> **WHAT TO DO**:
Output every record exactly, apart from its images.

—————

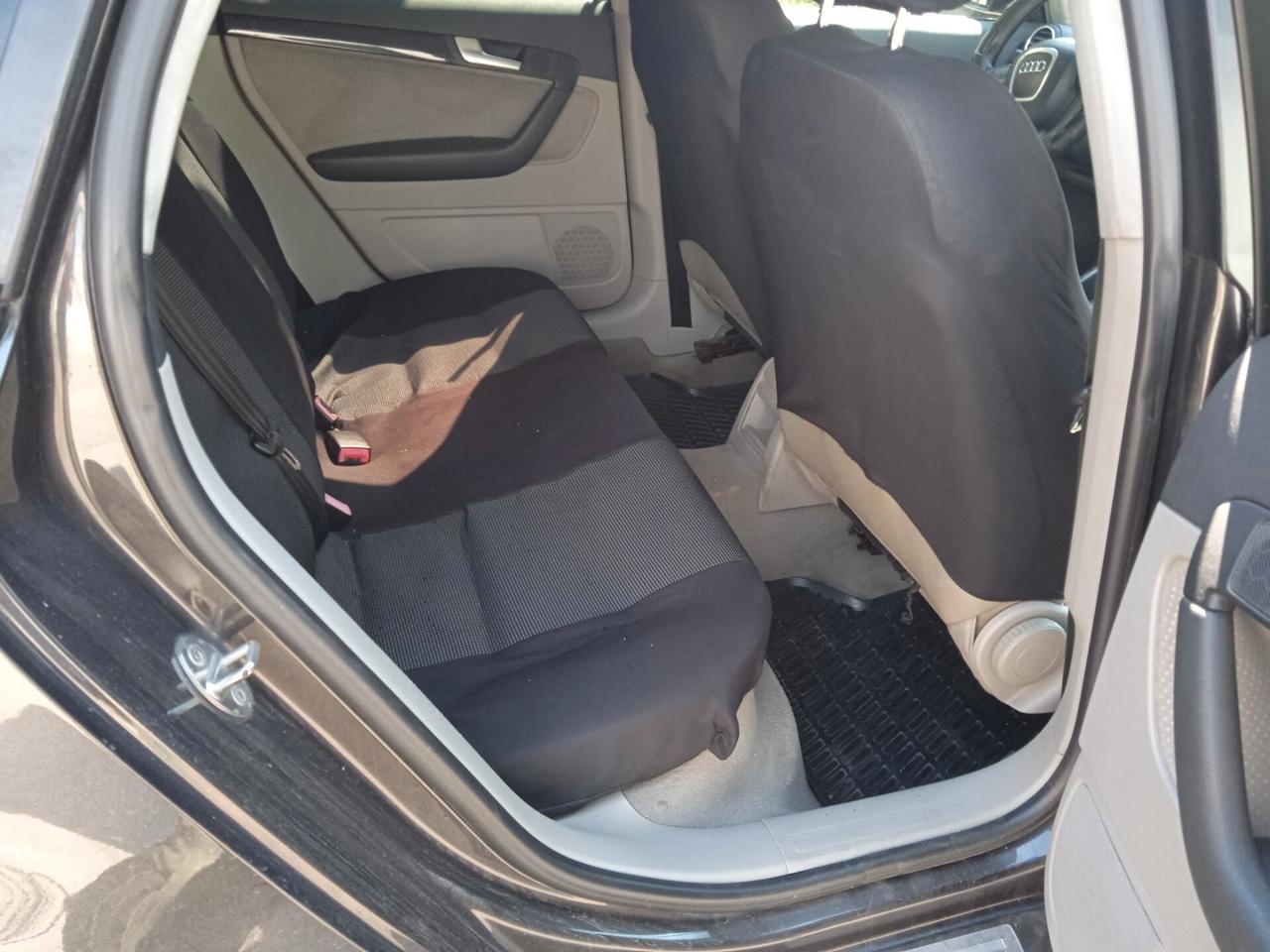 Audi A3 SPB 2.0 16V TDI Ambiente automatica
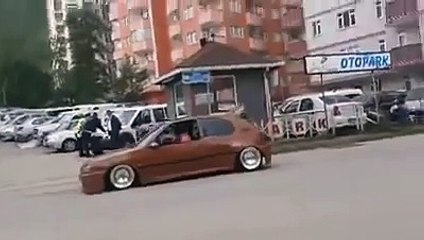 306 ile Polisin Önünde Kesici Show Bu Videoyu Hatırlayanlar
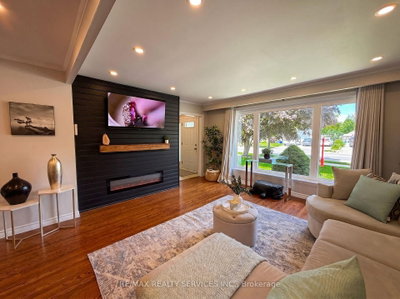 238 Laurier Avenue • Milton, ON photo 8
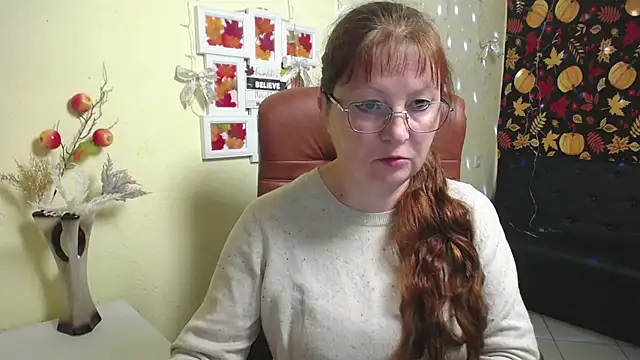 VanessaHotts online show from 11.24.25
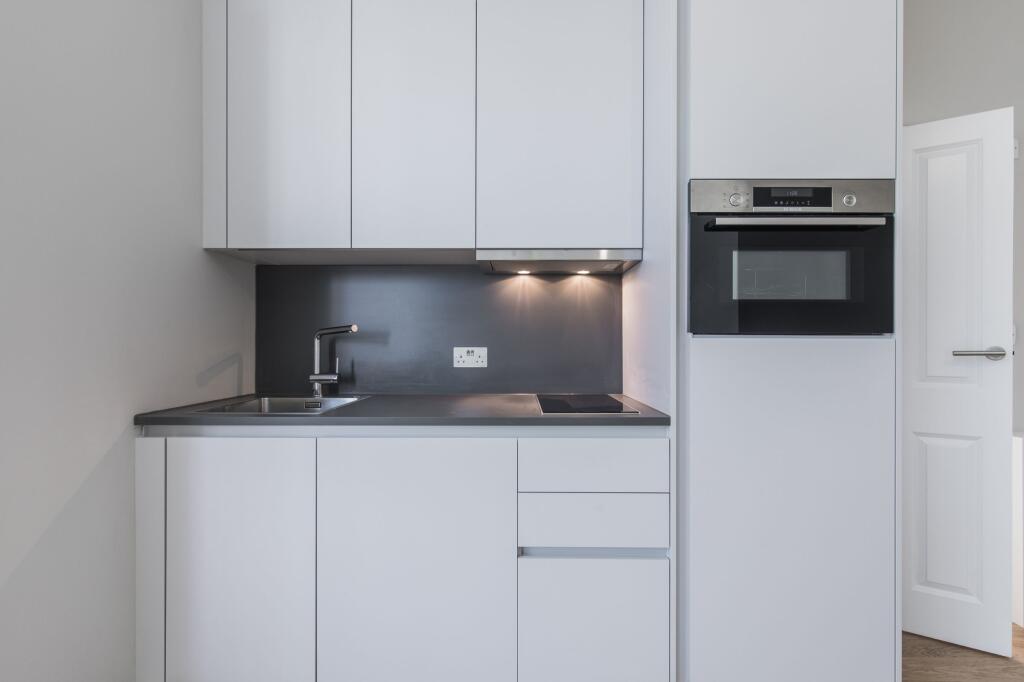 Main image of property: Flat 1 119 Uxbridge Road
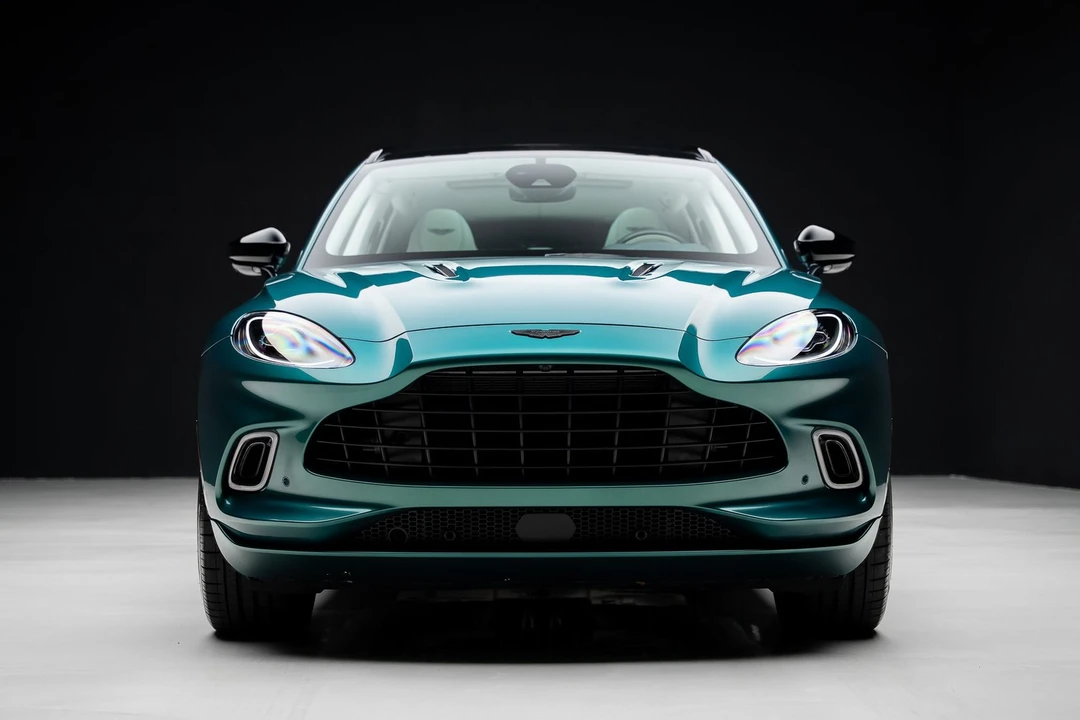 2023 Aston Martin DBX - Image 8 of 31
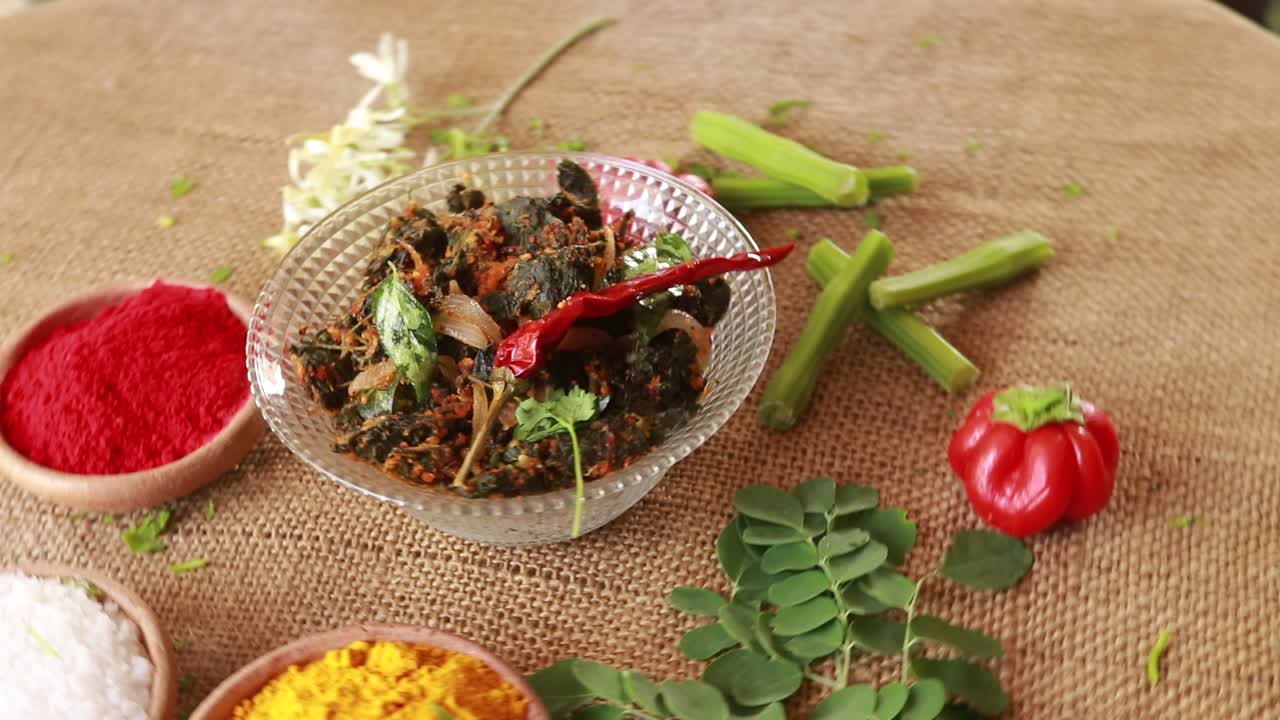curry de plato vegano saludable giratorio: asado de curry de hojas y flores de moringa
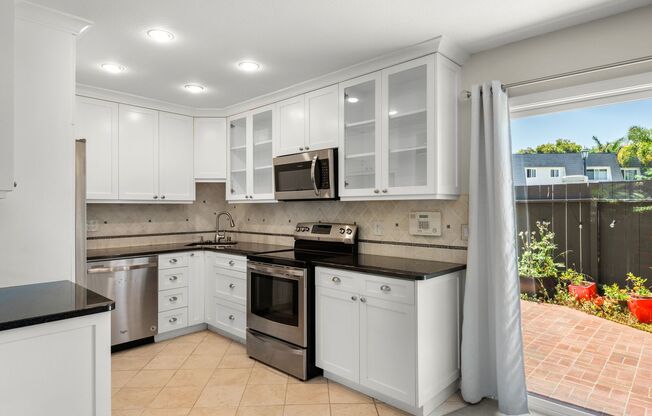 Charming 2BR Condo w/ Private Patio in the Heart of Solana Beach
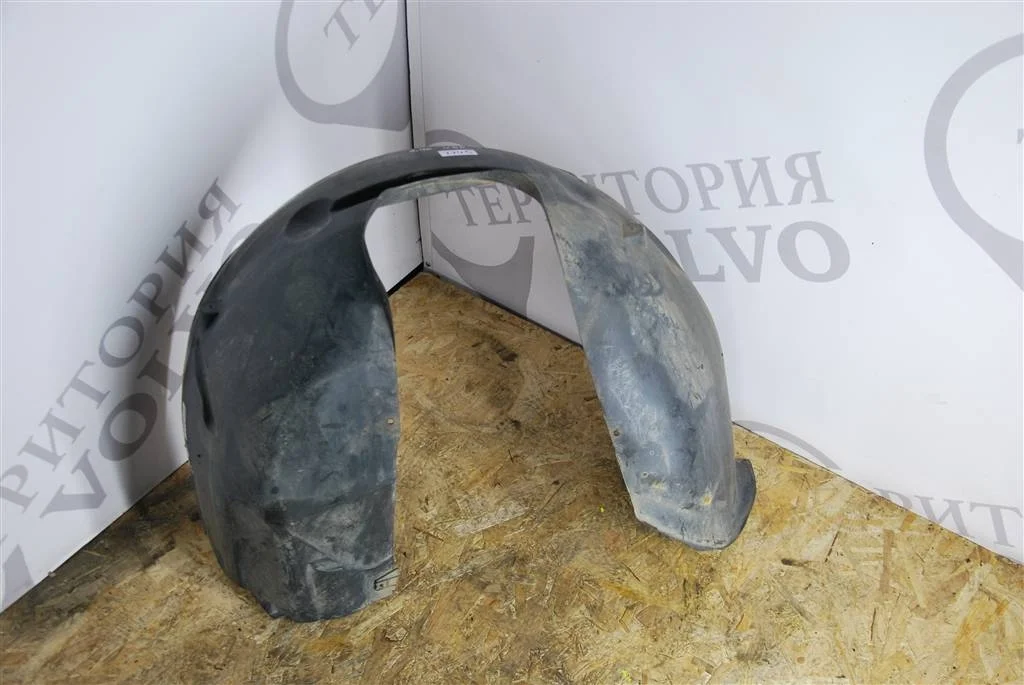 Подкрылок передний правый VOLVO S40 2004-2007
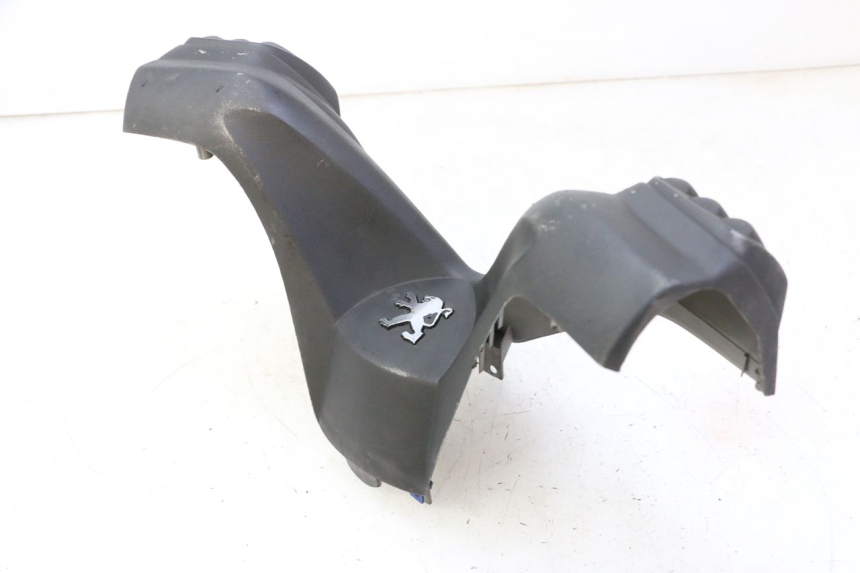 photo de HANDLEBAR COVER FRONT PEUGEOT ELYSTAR 50 (2002 - 2014)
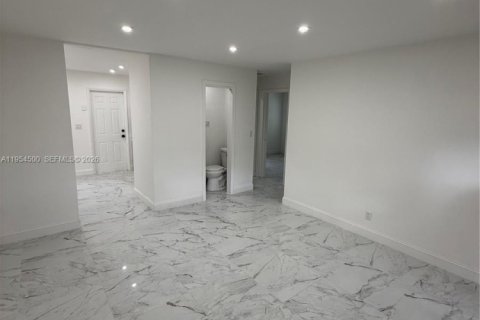 Casa en alquiler en Hollywood, Florida, 2 dormitorios, 143.35 m2 № 2008351 - foto 8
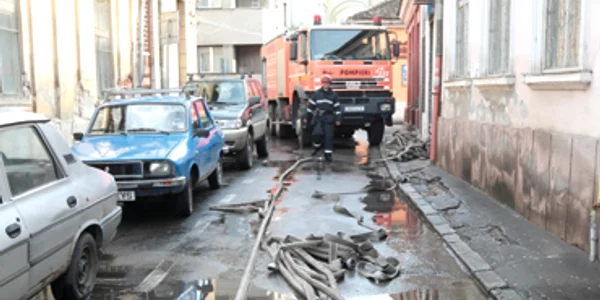 Cluj-Napoca: „Nesimţiţii parcărilor” taie calea pompierilor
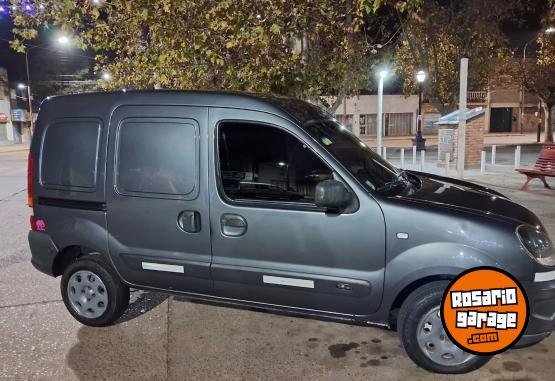 Utilitarios - Renault Kangoo 2016 Nafta 180000Km - En Venta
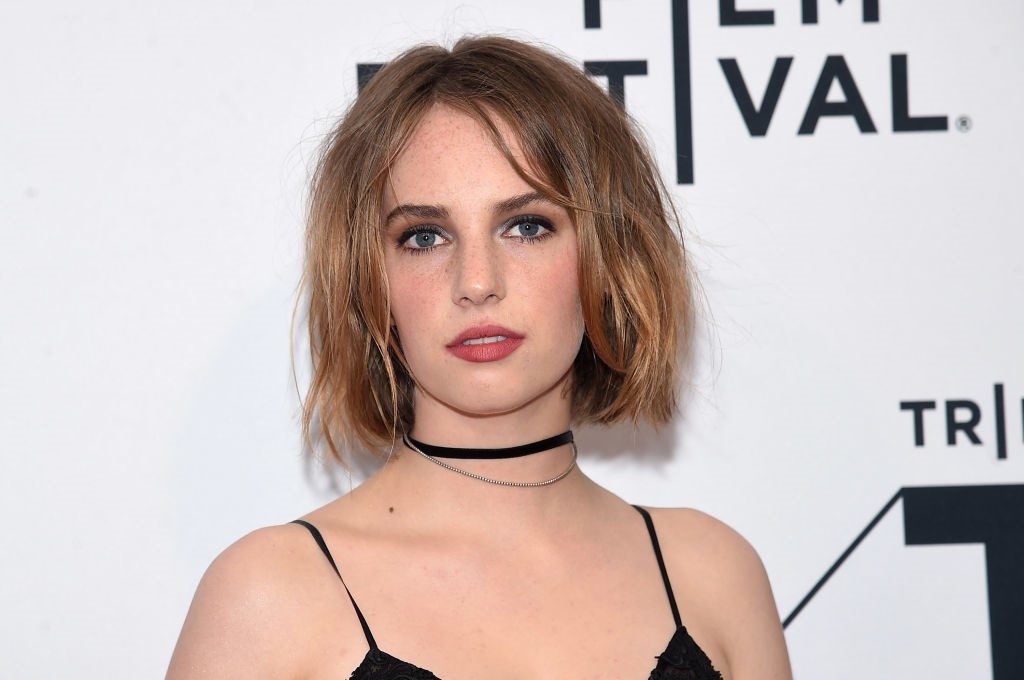 Maya’s zodiac sign is Cancer | 13 Interesting Facts about Maya Hawke | Her Beauty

—————

> **ANSWER FOR THIS EXERCISE**:
 Audi A3 SPB 2.0 16V TDI Ambiente automatica
 306 ile Polisin Önünde Kesici Show Bu Videoyu Hatırlayanlar
 238 Laurier Avenue • Milton, ON photo 8
 VanessaHotts online show from 11.24.25
 Main image of property: Flat 1 119 Uxbridge Road
 2023 Aston Martin DBX - Image 8 of 31
curry de plato vegano saludable giratorio: asado de curry de hojas y flores de moringa
 Charming 2BR Condo w/ Private Patio in the Heart of Solana Beach
 Подкрылок передний правый VOLVO S40 2004-2007
 photo de HANDLEBAR COVER FRONT PEUGEOT ELYSTAR 50 (2002 - 2014)
 Casa en alquiler en Hollywood, Florida, 2 dormitorios, 143.35 m2 № 2008351 - foto 8
 Cluj-Napoca: „Nesimţiţii parcărilor” taie calea pompierilor
 Utilitarios - Renault Kangoo 2016 Nafta 180000Km - En Venta
 Maya’s zodiac sign is Cancer | 13 Interesting Facts about Maya Hawke | Her Beauty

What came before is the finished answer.